Newton's Third Law - For every action, there is an equal and opposite reaction.

We're not talking about physics here, but this concept also applies to human actions.

With every decision that we make, there is also a loss of potential gain that we'll inevitably incur merely because of the fact that we decided to go with another option.

Opportunity costs usually remain unseen because it's not tangible. However, as traders or investors, it pays to understand what you're missing out on when you choose to go with another trade. It'll even grant you a stronger understanding of your risk to reward.

With that, here is your 3 step guide to understanding what is opportunity cost and how to overcome them.

#1. Defining opportunity cost

Formally, opportunity cost is defined as the profits lost when one alternative is chosen over another.

Our decision-making process goes a little like this:

A decision is called a decision because we simply can't choose both of them. Hence, when we pick either one, we'll lose the benefits of choosing the other one. Each decision is limited to only having one side of the benefits.

As a trader, the choices that we make are often a little less clear as opposed to other professions.

For instance, we could be taking the trade that has a higher winning % and better risk to reward ratio but end up taking a loss on it.
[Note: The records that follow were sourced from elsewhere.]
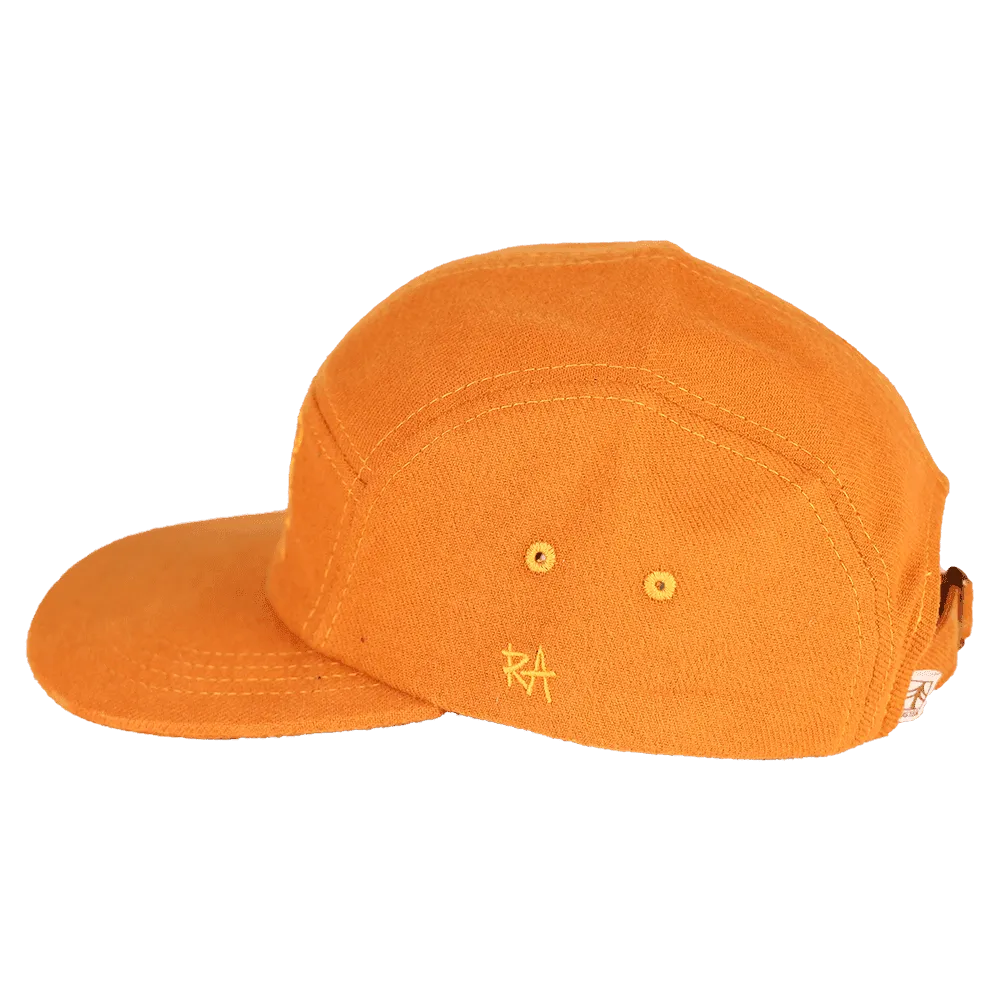Run Wild Brushed Cotton Camp Cap | Orange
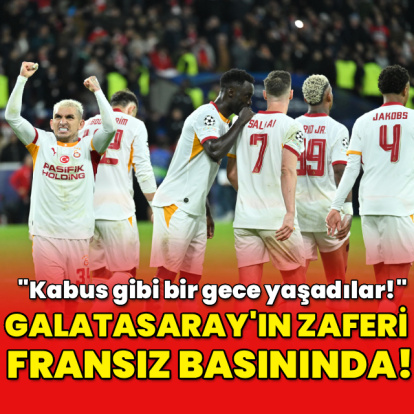 Galatasaray'ın Lille zaferi Fransız basınında!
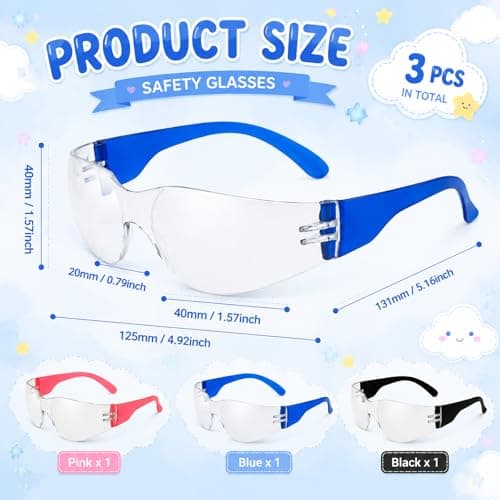 PRVCFZ 3 PCS Protective Goggles, Windproof Eye Gear for Cycling, Lightweight and Comfortable, Suitable for Outdoor Activities and Daily Use — view 2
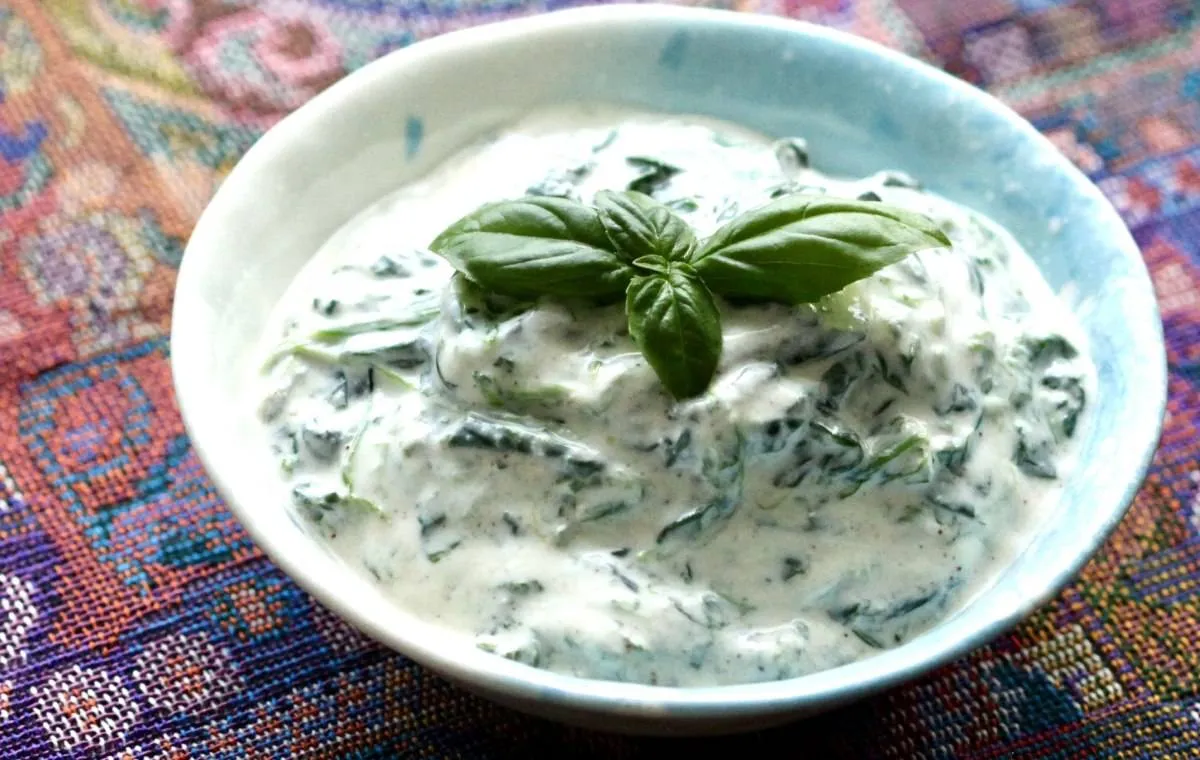 بورانی اسفناج غذای ارزان و ساده برای شام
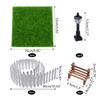 Miniature Garden Accessories Garden Tools Furniture Decorations Set Suitable for Decorating Garden Christmas Accessories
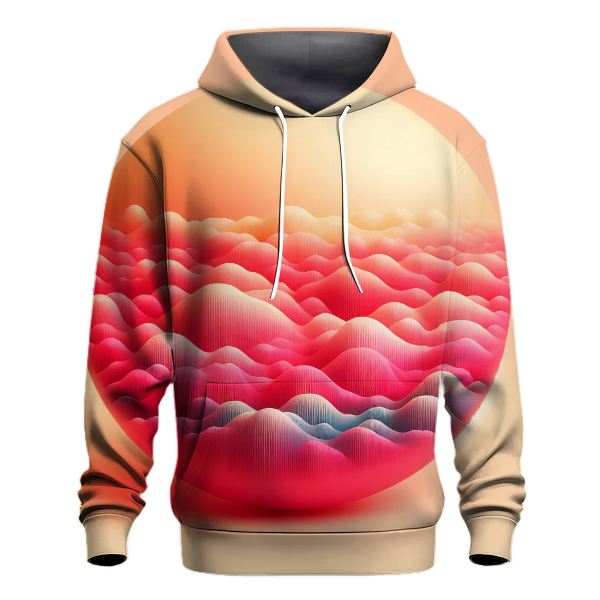 Coral Dream Gradient Hoodie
On the contrary, we can also be taking the worse choice and making a tiny profit on it.

Which one really is the better choice?

That's your job, as a trader to find that out.

#2. Understanding opportunity cost

How to calculate opportunity cost?

The idea of working with real numbers instead of estimates is to make it easier for a trader or an investor to measure how much exactly is lost on the forgone alternative.

Imagine a hypothetical scenario where you chose to buy 100 shares of company ABC instead of 100 shares of company XYZ. A year later, company ABC shows a return of 5% while company XYZ is showing 8%.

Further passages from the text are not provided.